If it is, I'll let Köry comment on the feasibility :)

> > If I'm not wrong and the MAC-or-DMA timestamp selection is NIC-wide
> > (which diverges from your problem description),
>
> Nope.
>
> > then neither Köry's work
> > nor my "everything is a phc_index" proposal will bring your use case to
> > fruition without further work. Here I would avoid speculating, because a
> > lot will depend upon the details which you haven't really given.
>
> What are the details you'd like? PTP gets stamped at the PHY/MAC,
> the rest gets stamped at DMA. mlx5 achieves this by splitting the
> PTP traffic to a separate queue pair, and configuring that qp to
> capture PHY/MAC stamps, AFAIU.

That's enough, thanks.

> > One question will be whether, in the case of "NIC-wide DMA timestamps",
> > DMA timestamps should be presented as hardware timestamps - struct
> > scm_timestamping[2] from CMSG_DATA() - or as their own thing, that user
> > space needs explicit support for - by parsing a new cmsg level/type.
> > If DMA timestamps won't look to user space like hardware timestamps,
> > then the use case is again out of scope for Köry's work, as far as I see
> > it.
> >
> > Another simple question is - if NICs do this today - probably by giving
> > the "unrepresentable mix" to user space in an implicit, hardcoded and
> > very fine tuned way such that nobody bats an eye - then what is there
> > more to support? Are you looking at extra UAPI as a way to legitimize
> > hacks, or do you feel there is extra control that applications can gain?
>
> I don't understand what you're asking me.

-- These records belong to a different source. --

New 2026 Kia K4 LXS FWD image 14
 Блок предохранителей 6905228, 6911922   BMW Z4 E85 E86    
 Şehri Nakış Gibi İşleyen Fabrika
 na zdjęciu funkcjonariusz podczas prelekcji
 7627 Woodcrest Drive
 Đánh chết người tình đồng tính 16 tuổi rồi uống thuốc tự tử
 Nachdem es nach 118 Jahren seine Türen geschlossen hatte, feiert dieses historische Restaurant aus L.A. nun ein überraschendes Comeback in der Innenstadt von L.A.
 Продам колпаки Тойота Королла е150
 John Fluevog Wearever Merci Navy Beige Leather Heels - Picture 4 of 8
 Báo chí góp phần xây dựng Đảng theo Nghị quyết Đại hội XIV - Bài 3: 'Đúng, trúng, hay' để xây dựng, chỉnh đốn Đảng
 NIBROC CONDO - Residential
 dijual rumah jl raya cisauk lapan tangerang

You've partially answered above. The mix of timestamps coming from the
PHY/MAC and those coming from the DMA is unrepresentable in today's
UAPI, and is just fine-tuned to work for the existing use case of "PTP
gets PHY/MAC, everything else gets DMA".

Still not 100% clear what would the proper UAPI (separate user-controllable
RX filters for PHY, MAC and DMA) gain, in addition to what exists in mlx5.

> DMA timestamping is becoming increasingly important. Ready any
> congestion control paper from the last 5 years and chances are
> it will be using delay as a signal. If we're extending uAPI
> for Hw stamping we should make sure to cater to CC use cases.

I'll stop commenting here for a while and go read some of those papers and
RFCs, in the hope that I find some info about the way in which TCP expects
hwtstamps from a NIC. It's quite evident to me that I don't have enough
information to help this discussion reach a conclusion.